Die Bilder sind beklemmend, Fragen tauchen auf, die Denkmaschine läuft an und versucht, die unheimliche Leere mit möglichen Geschichten zu füllen. Natürlich sind es Versatzstücke aus Filmen und Büchern, und nicht etwa eigene Erfahrungen, die unsere Phantasie zum Schäumen bringen: Eine vierköpfige Familie, vermutlich osteuropäischer Abstammung, ist überstürzt aufgebrochen, hat alles zurückgelassen. Schon geht der „Tatort“ los. Es gibt ein kleines Buch, in das die Besucher ihre Gedanken schreiben können, und die meisten denken sich ein Happy End aus, oft irgendwas mit Neuanfang. Sieht ganz so aus, als verhielte sich die Sehnsucht nach einem glücklichen Ausgang direkt proportional zur Angst, die diese kleine rätselhafte Installation in uns auslöst. Zurück bleibt eine allgemeine Verunsicherung der eigenen Wahrnehmung, denn unsere fiktiven Geschichten erzählen vor allem von uns.

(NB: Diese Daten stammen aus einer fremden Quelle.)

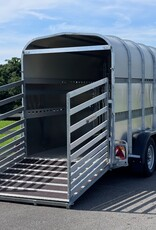 Remolques para Ganado Listos para Exportación, Económicos y de Calidad, Remolque Azul para Caballos con Revestimiento de Aluminio y Diseño de Doble Eje - Product Image 6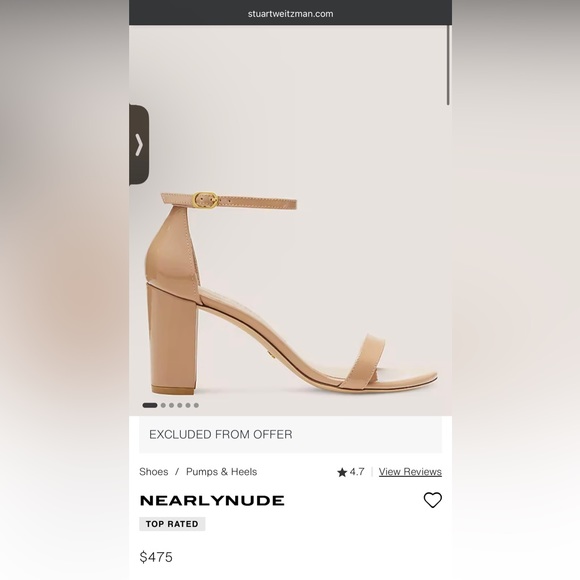 Stuart Weitzman NearlyNude Block Heels - Picture 2 of 7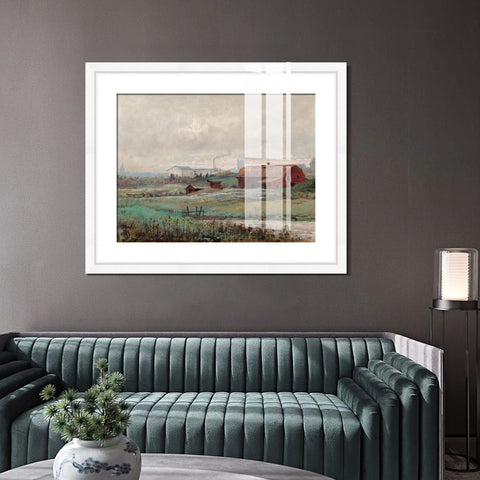 INVIN ART Framed Canvas Giclee Print Art Motiv Fran Stockholms UTKANT by Hilma Af Klint Wall Art Living Room Home Office Decorations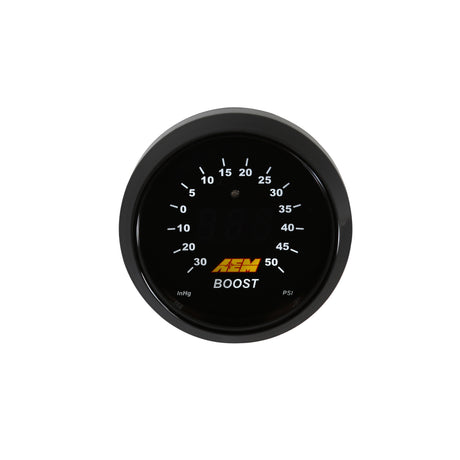 AEM Classic Digital Hi-Boost Gauge Kit - 30-4408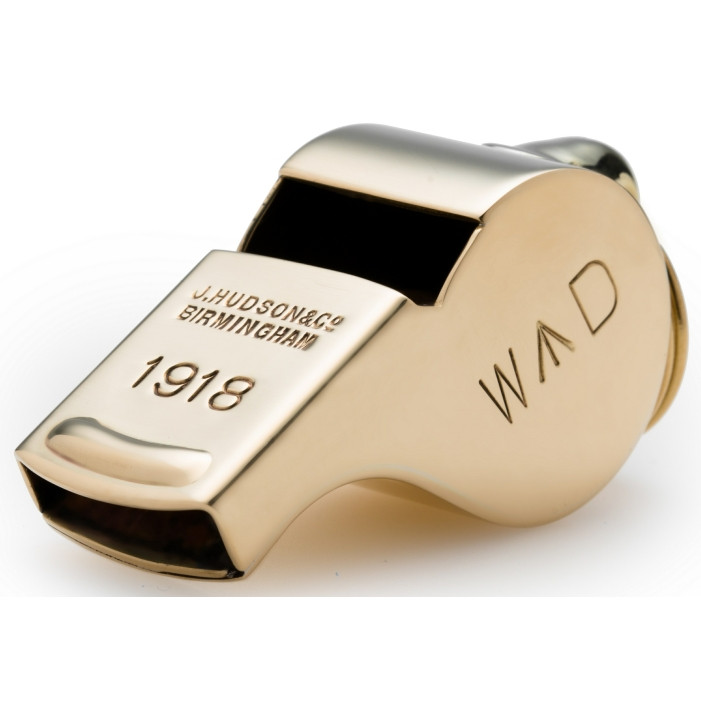 Model 58 Acme Thunderer "1918 Broad Arrow WD" Polished Brass Whistle (Boxed)(E.O.L.) - SAVE 15% !!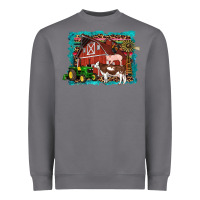 Storm farm life tractor cow pig rooster Heavyweight Sweatshirt - Artiststas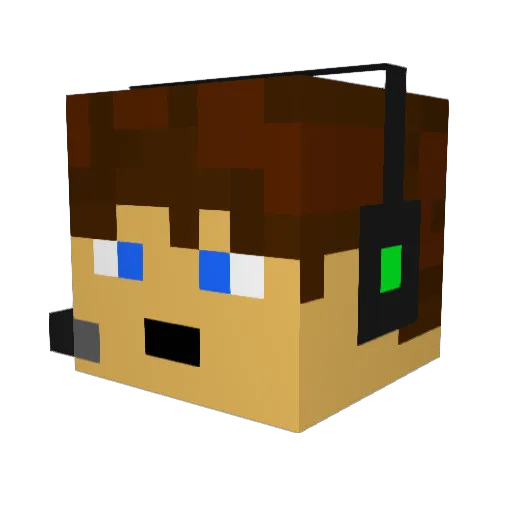 xXCreepingJoeXx Minecraft avatar head, 3D render
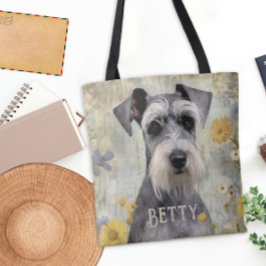 Bolso De Tela Schnauzer personalizado
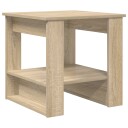 vidaXL Kaffebord Sonoma eik 51 x 50 x 50 cm Konstruert tre
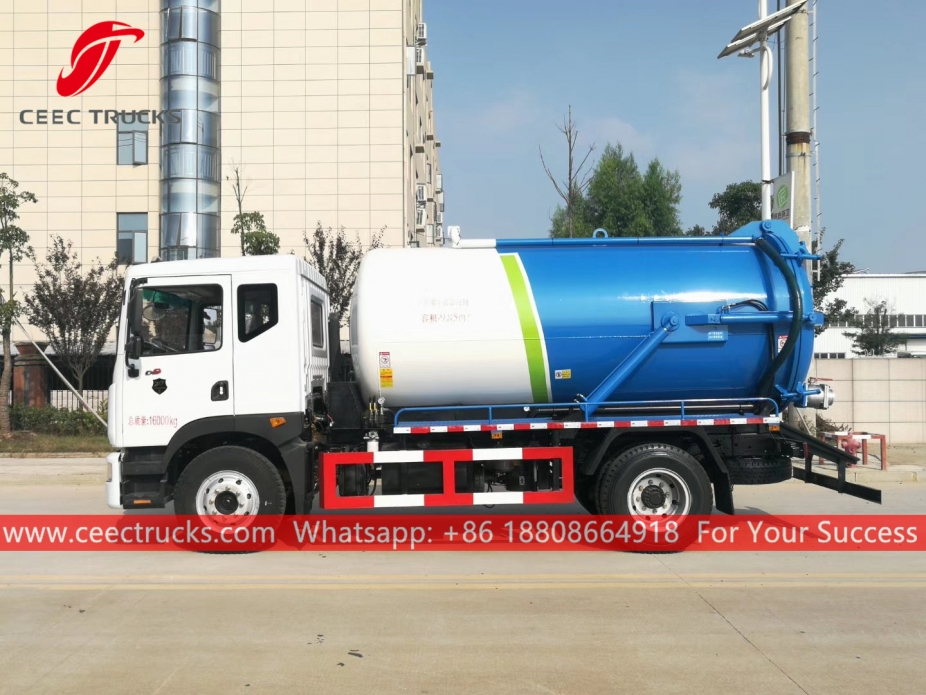 10CBM汚水吸引車 東風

Der österreichische Künstler und Musiker Christoph Theußl hat seine Installation gleich ganz im imaginären Raum angesiedelt: Willkommen im fiktiven Flüchtingslager! Erstmal umschauen, orientieren. Ein großer Raum, Feldbetten, ein Tisch mit Wasserflaschen, aha, da liegt jemand und schläft. Stille. Plötzlich steht ein Mann mit Maske und Messer im Weg. Wer sich eine der zehnminütigen Einzelperformances gönnt, kriegt erstmal einen kleinen Schreck verpasst.
Ein gelungener Einstieg, denn sofort ist man ganzkörpergelockert und offen für alles, was da noch kommen mag. Doch nachdem Maske und Messer verräumt sind und sich Gerhard, der Flüchtling, vorgestellt hat, beginnt der entspannte Teil. Wer mag, bekommt einen Becher Tee „Pure Lebensfreude“, und Gerhard erzählt aus seinem bewegten Leben als Flüchtling. Ein bisschen Nonsens, ein bisschen Palaver, ein bisschen kritische Masse und zum Abschluss ein bisschen Musik.
Das macht Spaß und ist ziemlich schnell vorbei. Wer noch nicht wieder raus will in die Realität, darf sich auf eines der Feldbetten legen und stumme Flüchtlingsstaffage bei der nächsten Einzelperformance sein: zu beobachten, wie unterschiedlich die Besucher reagieren, ist natürlich wunderbar und erzählt einem hintenrum einiges über das eigene Verhalten. Doch irgendwann versendet sich dieser Spaß, und man kann Raum und Zeit nutzen, darüber nachzudenken, wie es wohl ist, ein fiktiver Flüchtling zu sein. Christoph Theußl alias Gerhard hat das mit seiner Installation „Der vergessene Flüchtling“ ausprobiert, und wohnte vier Tage in seinem Lager.